■ **About this task**:
From the records that follow, return exactly the lines beginning at the one that contains "First, we are" and ending at the one that contains "Whenever you are", pictures left out.

Start of Material to process

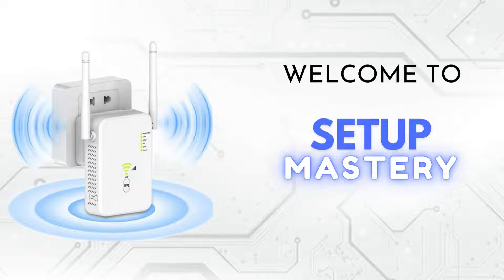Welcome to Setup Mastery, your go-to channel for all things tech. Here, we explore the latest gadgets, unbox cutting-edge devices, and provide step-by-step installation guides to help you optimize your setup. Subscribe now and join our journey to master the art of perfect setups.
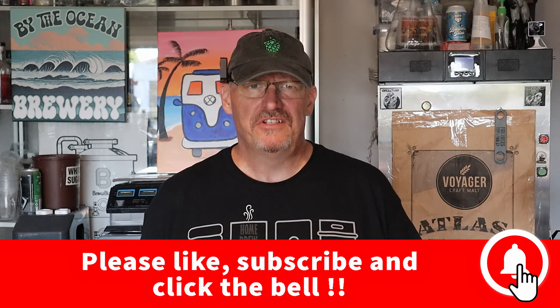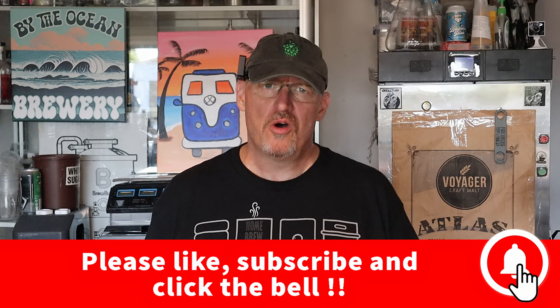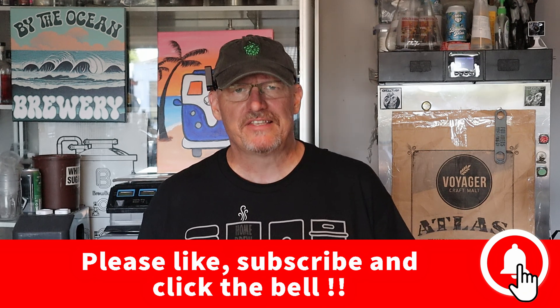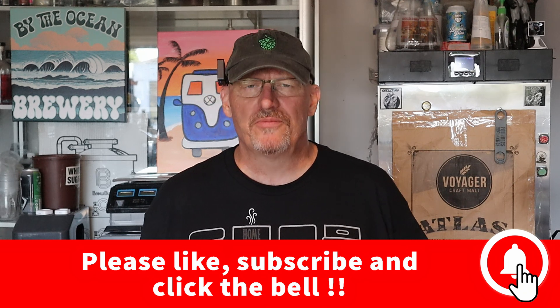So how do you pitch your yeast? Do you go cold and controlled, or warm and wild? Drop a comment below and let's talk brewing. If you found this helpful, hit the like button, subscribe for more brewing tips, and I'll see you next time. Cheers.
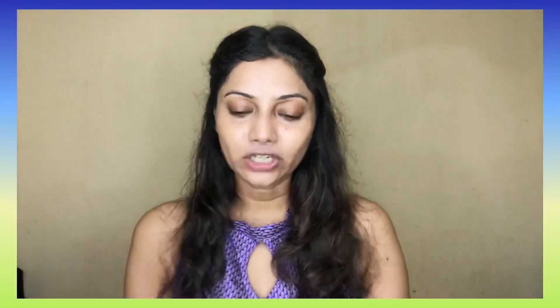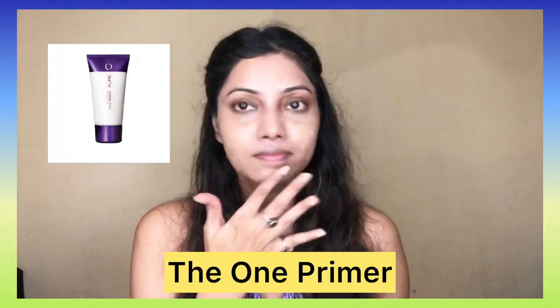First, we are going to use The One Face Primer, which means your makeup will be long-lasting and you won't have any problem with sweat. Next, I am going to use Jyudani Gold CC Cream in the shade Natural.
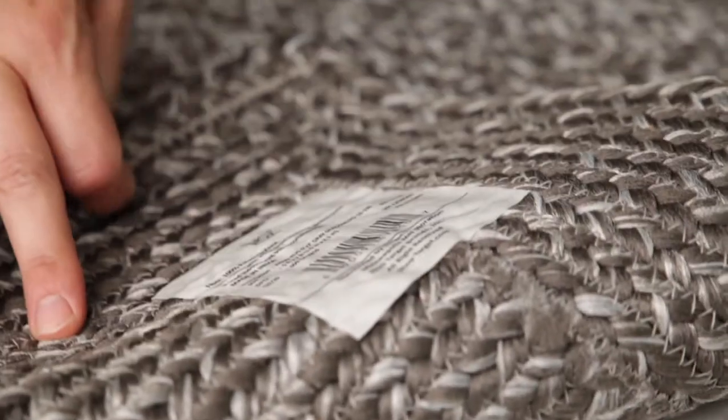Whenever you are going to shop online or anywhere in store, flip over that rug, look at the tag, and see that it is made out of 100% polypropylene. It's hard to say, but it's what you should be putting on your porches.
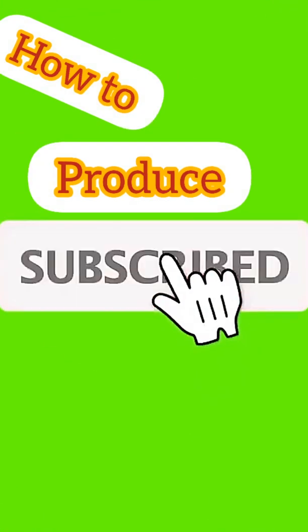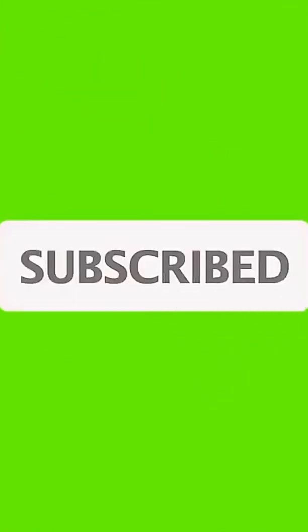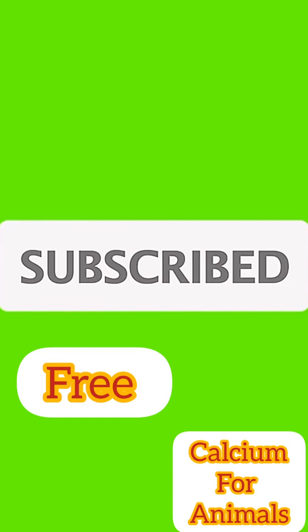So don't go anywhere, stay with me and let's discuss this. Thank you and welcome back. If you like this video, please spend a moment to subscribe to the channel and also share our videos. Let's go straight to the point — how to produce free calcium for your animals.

End of Material to process

■ **Answer to the exercise**:
First, we are going to use The One Face Primer, which means your makeup will be long-lasting and you won't have any problem with sweat. Next, I am going to use Jyudani Gold CC Cream in the shade Natural.
Whenever you are going to shop online or anywhere in store, flip over that rug, look at the tag, and see that it is made out of 100% polypropylene. It's hard to say, but it's what you should be putting on your porches.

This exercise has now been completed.